Housing motion prompts long debate

By Lyonel Doherty

Times-Chronicle

Establishing supportive housing in Oliver won’t happen anytime soon.

A motion by Coun. Aimee Grice prompted a long debate on Monday when she recommended that council engage with the province to initiate the building of supportive housing in the community.

She noted that a housing assessment identified 35 to 40 residents of the town currently experiencing homelessness.

Coun. Larry Schwarzenberger said he definitely is in favour of supportive housing but noted that a cold weather shelter is already on the town’s priority list.
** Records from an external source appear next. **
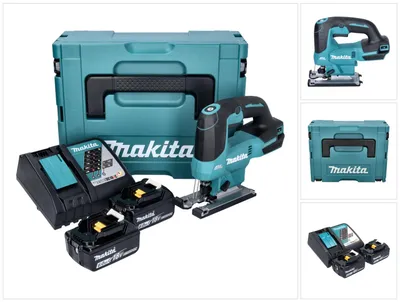 Image de Makita DJV184RGJ Scie sauteuse sans fil 18V Brushless + 2x Batteries 6,0Ah + Chargeur + Coffret Makpac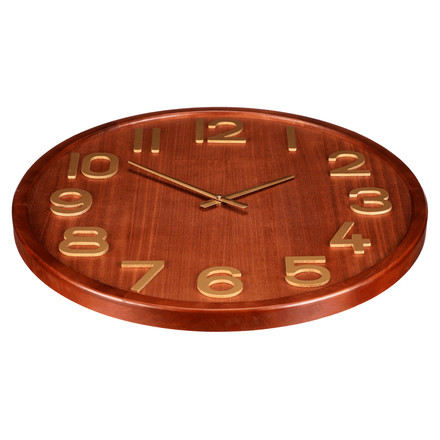 Nástěnné hodiny Autronic pr. 60 cm, dřevo a MDF, imitace dýhy (HW4020) (1)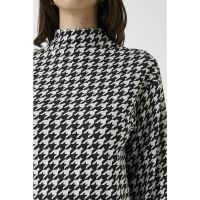Bluza cu model houndstooth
He stated his desire to get more information on what supports (for mental health and addictions) are available locally before moving ahead with supportive housing.

Coun. Dave Mattes said he didn’t want council to commit any land to the project until they know what is available.
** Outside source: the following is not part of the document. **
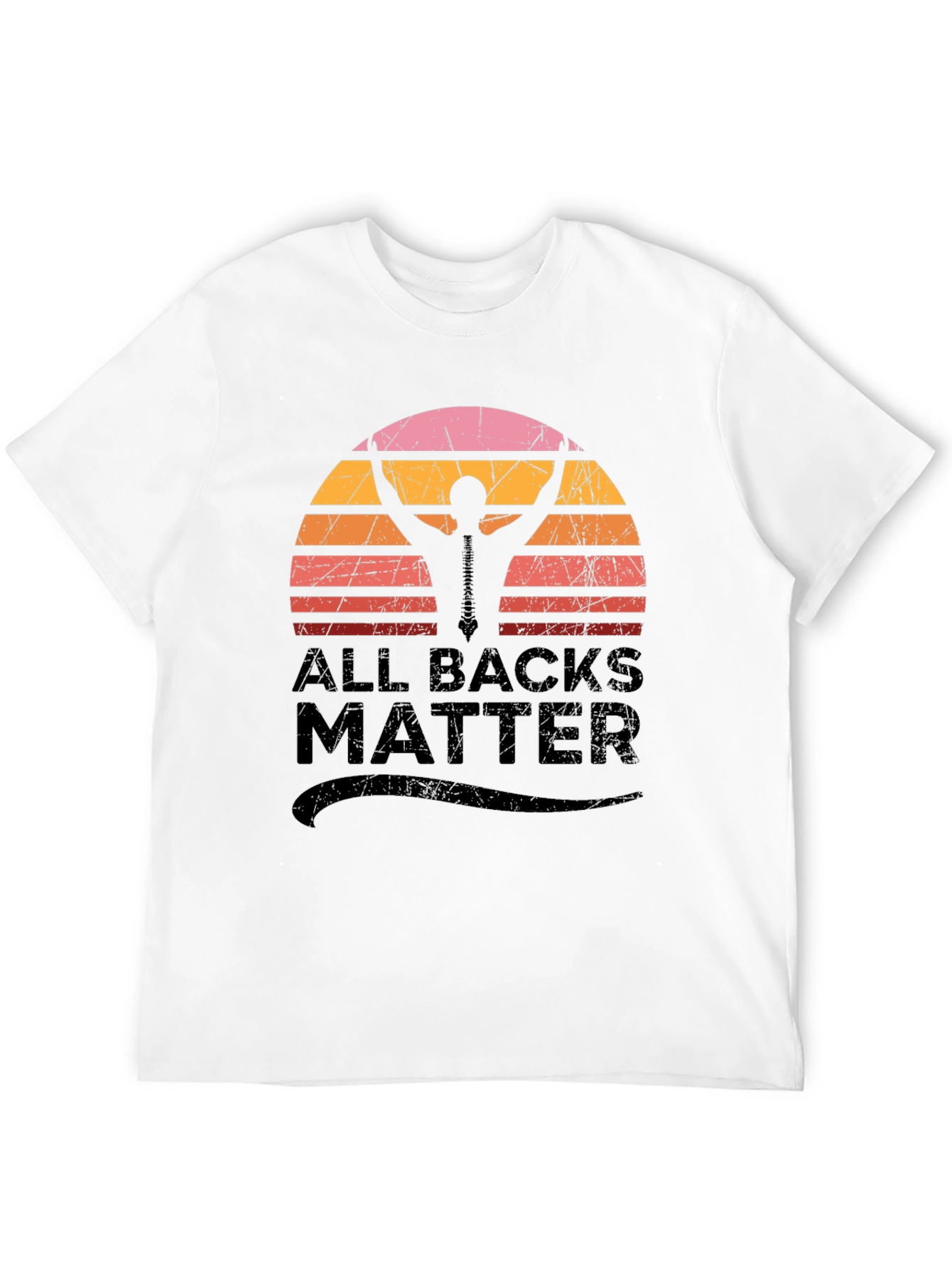 All Backs Matter Chiropractic T-Shirt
“I don’t know anyone who is against supportive housing or affordable housing; you can’t be. But I am concerned about putting more on staff’s plate.”
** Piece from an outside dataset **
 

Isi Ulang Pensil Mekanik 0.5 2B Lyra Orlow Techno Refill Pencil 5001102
But Grice was persistent in her belief that council should forge ahead with the proposal.

She noted the cold weather shelter is a 2021 project assisting people from November to March.

Grice said council can direct staff to investigate (with the province) to find out what grants are available for supportive housing.

Coun. Petra Veintimilla said she isn’t sure if the town has have enough resources to support this project.

Chief Administrative Officer Cathy Cowan said they do not have a piece of land immediately identified for it.

Mattes expressed his concern that the motion was asking council to be the driving force behind it.

Grice said they are merely seeing what funding is available.

But Schwarzenberger said he was a “little leery” about lumping supportive housing with a cold weather shelter.

“I don’t think they necessarily do the same thing.”

He said because the shelter is already on council’s priority list, it should focus on that first.

Cowan explained that BC Housing can provide support for a shelter for a four-month period, 24 hours a day. This would include a bed, a hot meal, laundry and shower facilities.

Grice said it might make more sense to provide the shelter permanently.

Mattes questioned whether providing shelter for people is the town’s role, but he made it clear that he personally supports the initiative.

Mayor Martin Johansen said it would take some time to get these projects off the ground due to the upcoming election and the government treasury “shutting down.”

In the end, Grice withdrew her motion and council agreed to engage with Desert Sun Counselling and Resource Centre to determine what resources are available for supportive housing.